__PROVIDED RECORDS__:
▬▬▬▬▬▬

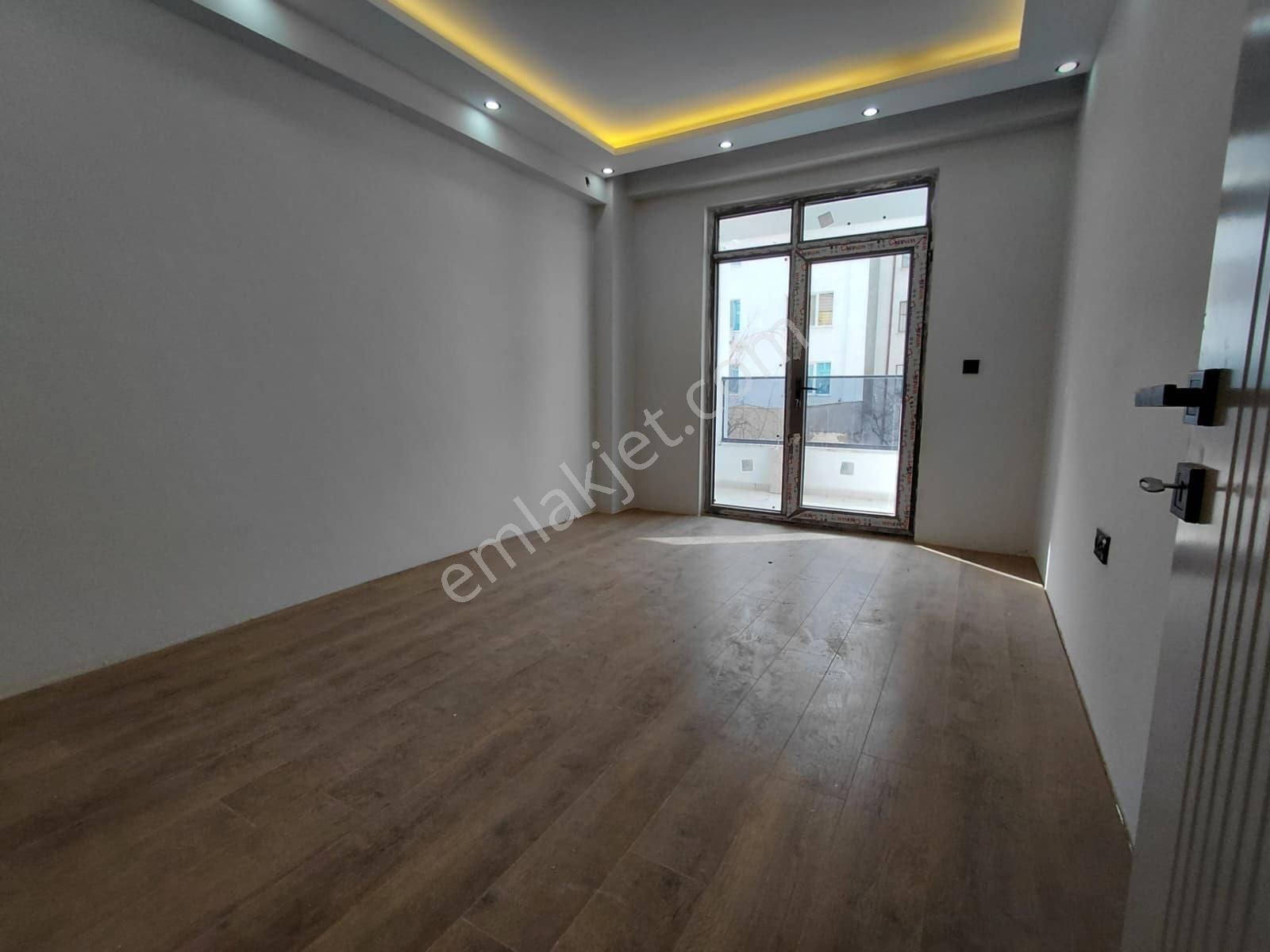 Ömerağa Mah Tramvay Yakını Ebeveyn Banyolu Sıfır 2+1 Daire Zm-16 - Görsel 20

▬▬▬▬▬▬

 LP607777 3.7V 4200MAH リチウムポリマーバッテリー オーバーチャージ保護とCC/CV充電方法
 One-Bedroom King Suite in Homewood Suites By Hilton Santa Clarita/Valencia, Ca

▬▬▬▬▬▬

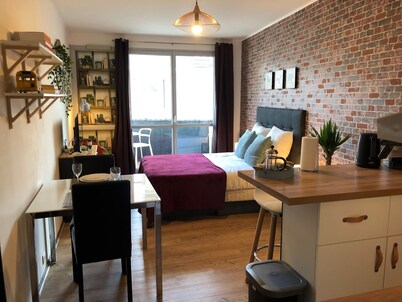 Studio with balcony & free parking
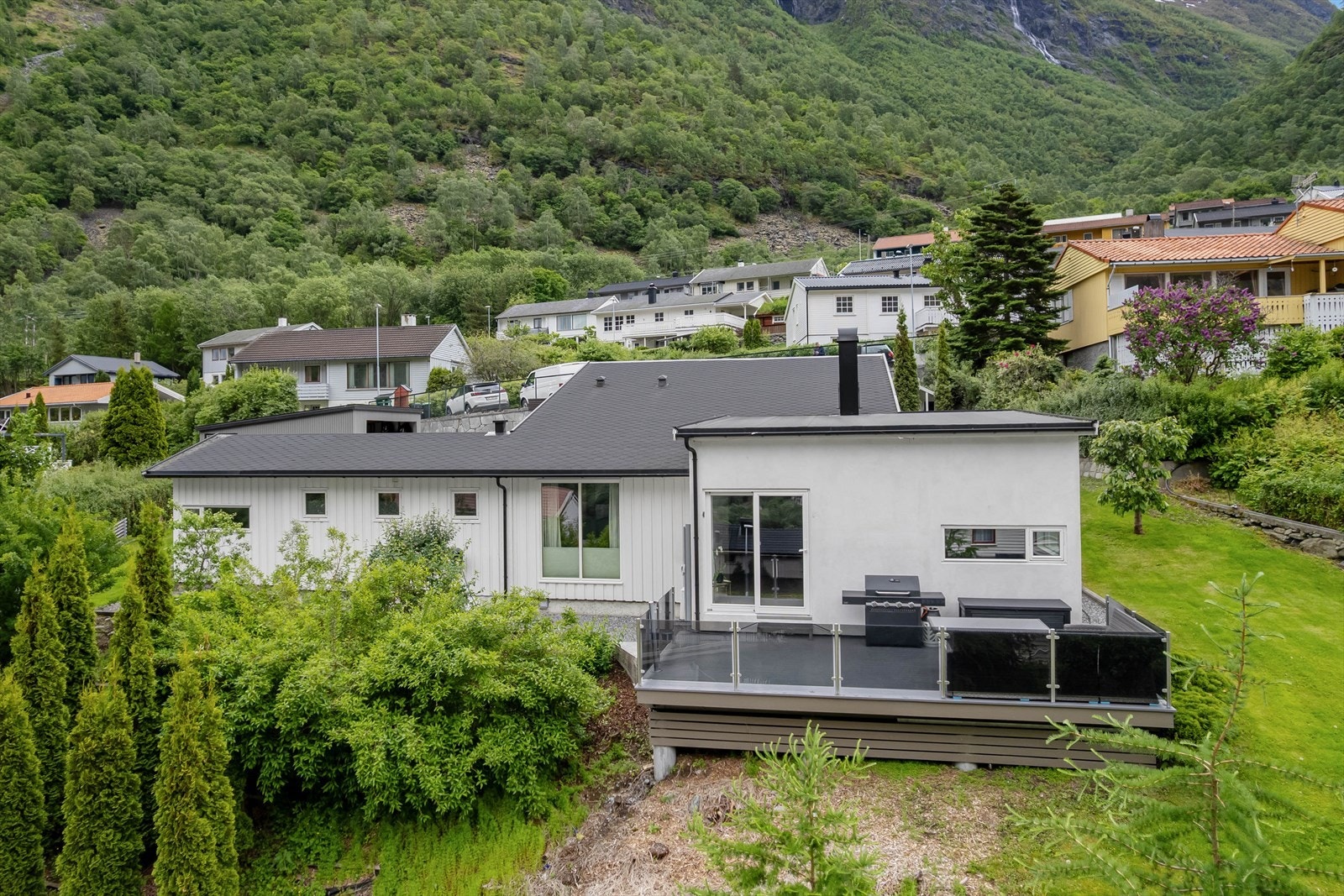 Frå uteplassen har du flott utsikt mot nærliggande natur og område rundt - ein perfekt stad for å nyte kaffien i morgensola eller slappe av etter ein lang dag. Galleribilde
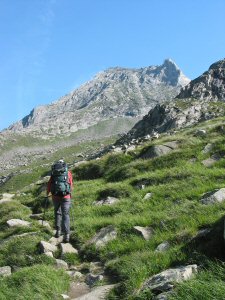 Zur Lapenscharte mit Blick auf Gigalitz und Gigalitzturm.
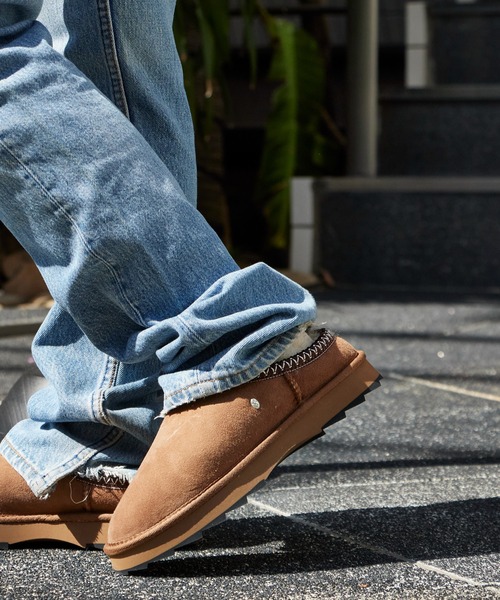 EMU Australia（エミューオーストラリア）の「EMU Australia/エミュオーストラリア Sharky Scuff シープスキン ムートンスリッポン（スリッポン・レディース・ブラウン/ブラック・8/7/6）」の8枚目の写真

▬▬▬▬▬▬

__WHAT TO DO__: Look above for the line holding "LP607777 3.7V 4200MAH". Print it and every line after it, exactly, through the line holding "One-Bedroom King Suite".

__ANSWER TO THE EXERCISE__:
 LP607777 3.7V 4200MAH リチウムポリマーバッテリー オーバーチャージ保護とCC/CV充電方法
 One-Bedroom King Suite in Homewood Suites By Hilton Santa Clarita/Valencia, Ca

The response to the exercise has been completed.